The most coveted recognition which Hillsdale College can extend is our Freedom Leadership Award, given to a select few who epitomize the leadership necessary to recapture the American dream.

Tonight I have the great honor to bestow that award on a woman who stands in the first rank of America’s defenders. She has caught the imagination of the entire nation in her spirited defense of American leadership in the free world. As the United States’ spokesman at the United Nations, Ambassador Jeane Kirkpatrick has shown us all the meaning of true leadership.

A pessimist might say that the trends which this nation has undergone at a steadily accelerating rate for the last half-century must spell the end of the wonderful success story which has been America.

The nation and its institutions are assaulted on every side. Our economy, which has long been the most powerful and prosperous in the world, has now been over-regulated, over-taxed and over-governed to the point of grave damage.

Our political structure, which has long been hailed as the finest and most enduring example of limited, representative government, has now developed a gigantic, self-perpetuating bureaucracy, a horde of special-interest groups and a public philosophy which is neither limited nor representative.

In foreign affairs, the world’s most powerful free nation has lost a great deal of the respect which it once commanded. Worse still, we seem to have lost a large portion of our self-respect. In cultural matters our society has lost its central unity, its common bond of values and beliefs, rendering a self-confident, vital people insecure, ineffective, and divided.

Yet the pessimist predicting our downfall would be wrong. The real strength of America lies dormant and can be revived.

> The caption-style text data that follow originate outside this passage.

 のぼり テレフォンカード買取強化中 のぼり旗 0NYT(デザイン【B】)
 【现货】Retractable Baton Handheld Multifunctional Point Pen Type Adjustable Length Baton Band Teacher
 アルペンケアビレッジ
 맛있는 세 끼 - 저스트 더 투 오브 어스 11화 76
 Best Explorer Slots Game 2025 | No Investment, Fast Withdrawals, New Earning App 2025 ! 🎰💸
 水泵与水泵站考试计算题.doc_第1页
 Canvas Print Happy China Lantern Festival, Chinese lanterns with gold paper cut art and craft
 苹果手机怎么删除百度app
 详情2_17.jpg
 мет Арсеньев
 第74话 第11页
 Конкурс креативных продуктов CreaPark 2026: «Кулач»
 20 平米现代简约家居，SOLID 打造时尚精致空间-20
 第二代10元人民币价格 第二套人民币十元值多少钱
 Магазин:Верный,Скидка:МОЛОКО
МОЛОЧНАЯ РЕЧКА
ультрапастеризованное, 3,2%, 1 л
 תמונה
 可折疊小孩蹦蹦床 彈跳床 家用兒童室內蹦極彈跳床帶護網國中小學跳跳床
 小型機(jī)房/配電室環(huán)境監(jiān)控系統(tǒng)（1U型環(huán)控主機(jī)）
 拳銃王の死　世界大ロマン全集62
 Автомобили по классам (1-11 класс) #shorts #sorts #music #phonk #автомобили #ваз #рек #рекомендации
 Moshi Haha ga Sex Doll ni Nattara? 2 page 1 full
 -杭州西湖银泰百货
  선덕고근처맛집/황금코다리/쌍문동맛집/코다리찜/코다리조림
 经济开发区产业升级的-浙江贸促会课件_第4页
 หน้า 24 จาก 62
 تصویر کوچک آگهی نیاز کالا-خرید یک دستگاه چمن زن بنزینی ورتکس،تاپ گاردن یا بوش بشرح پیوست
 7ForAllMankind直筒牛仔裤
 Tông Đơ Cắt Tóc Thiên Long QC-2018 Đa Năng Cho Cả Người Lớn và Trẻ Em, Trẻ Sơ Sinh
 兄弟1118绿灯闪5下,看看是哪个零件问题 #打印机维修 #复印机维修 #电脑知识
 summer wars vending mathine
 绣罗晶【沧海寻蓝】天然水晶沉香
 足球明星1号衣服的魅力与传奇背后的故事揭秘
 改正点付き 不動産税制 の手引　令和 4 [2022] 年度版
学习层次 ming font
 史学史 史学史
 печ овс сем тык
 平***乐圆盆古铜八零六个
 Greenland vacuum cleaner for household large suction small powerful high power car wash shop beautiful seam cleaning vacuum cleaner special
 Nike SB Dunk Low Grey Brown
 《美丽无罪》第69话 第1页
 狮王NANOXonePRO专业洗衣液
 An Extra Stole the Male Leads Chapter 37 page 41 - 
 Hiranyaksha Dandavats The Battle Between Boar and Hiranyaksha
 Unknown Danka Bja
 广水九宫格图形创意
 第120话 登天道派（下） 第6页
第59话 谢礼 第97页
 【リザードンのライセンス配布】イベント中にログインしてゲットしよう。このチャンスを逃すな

Our economy, our political life, our leadership of the free world and our confidence in this nation and its institutions will rise again in the hands of genuine leadership.

Future historians will mark the turning point in 1980, with the election of Ronald Reagan as President of the United States. It was then that the American people served notice that change had to come, that America had a future as well as a past. The real secret of the renewed American Revolution which has now begun lies in one concept—leadership. Ronald Reagan epitomizes that leadership, but we must realize that he cannot do the job alone.

The new American Revolution will be successful if enough of us, each in our own walk of life, each with our own centers of influence, rise to the occasion and bear witness to America’s greatness, to the prosperity, dignity, and strength of a free people, united in the common values of our heritage and the Judeo-Christian beliefs on which that heritage is based.

Such leadership is the goal of Hillsdale College and the Shavano Institute. We believe in America and in the dignity and worth of the individual American. We believe in America’s future. We believe that proper leadership can build such a future.

Ambassador Kirkpatrick, please accept our thanks, our respect, and Hillsdale’s Freedom Leadership Award.